Prepares for tuning by splitting pipelines and caching static parts.

Source code in xdflow/tuning/base.py

def prepare_pipeline_with_caching(self, pipeline: Pipeline) -> tuple[Pipeline, DataContainer]:
    """
    Prepares for tuning by splitting pipelines and caching static parts.
    """
    pipeline_param_grid = self.param_grid.get(pipeline.name, {})
    split_index = self._find_split_index(pipeline, pipeline_param_grid)

    if split_index > 0:
        static_pipeline = Pipeline(
            name=f"{pipeline.name}_static", steps=pipeline.steps[:split_index], use_cache=True
        )
        # Execute the static part and cache the data
        data = static_pipeline.fit_transform(self.initial_data, verbose=self.verbose_transforms)
    else:
        # No static part, use initial data
        data = self.initial_data

    # The dynamic part of the pipeline
    dynamic_pipeline = Pipeline(name=f"{pipeline.name}_dynamic", steps=pipeline.steps[split_index:])
    # Mark this pipeline as the post-cache pipeline for clearer logging downstream
    dynamic_pipeline.is_post_cache_pipeline = True
    try:
        dynamic_pipeline.cached_prefix_step_names = [
            (step.name if hasattr(step, "name") else step[0]) for step in pipeline.steps[:split_index]
        ]
    except Exception:
        dynamic_pipeline.cached_prefix_step_names = []
    dynamic_pipeline.origin_pipeline_name = pipeline.name

    return dynamic_pipeline, data

get_best_pipeline ¶

get_best_pipeline() -> Pipeline

Reconstructs the best pipeline from the optimization results.

Returns:

Type	Description
`Pipeline`	Complete Pipeline object configured with best parameters

Raises:

Type	Description
`ValueError`	If tuning hasn't been run yet

Source code in xdflow/tuning/base.py

def get_best_pipeline(self) -> Pipeline:
    """
    Reconstructs the best pipeline from the optimization results.

    Returns:
        Complete Pipeline object configured with best parameters

    Raises:
        ValueError: If tuning hasn't been run yet
    """
    if self.study is None:
        raise ValueError("Must run tune() before getting best pipeline")

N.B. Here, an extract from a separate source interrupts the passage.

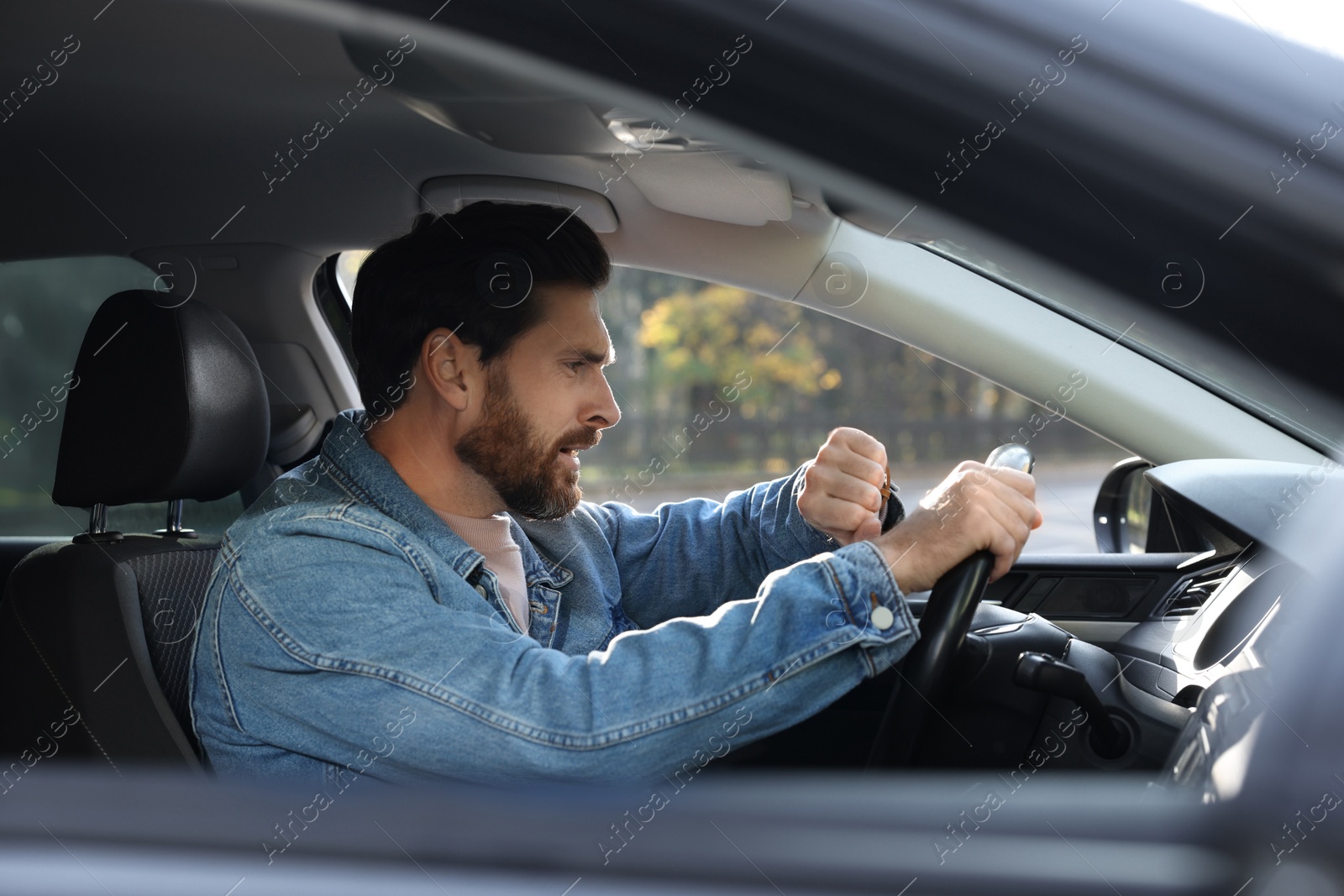 Photo of Emotional man checking time on watch in car. Being late concept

    best_params = self.study.best_trial.params

    # Get the best pipeline name
    pipeline_name = best_params["pipeline"]
    best_pipeline = self.pipelines_to_tune[pipeline_name].clone()

    # Apply the best parameters to the complete pipeline
    # Strip the pipeline name prefix from parameter names and normalize legacy
    # 'choice_' segments introduced by older SwitchTransform naming.
    params_to_set = {}

    def _normalize_choice_segments(name: str) -> str:
        parts = name.split("__")
        normalized_parts = [p[7:] if p.startswith("choice_") else p for p in parts]
        return "__".join(normalized_parts)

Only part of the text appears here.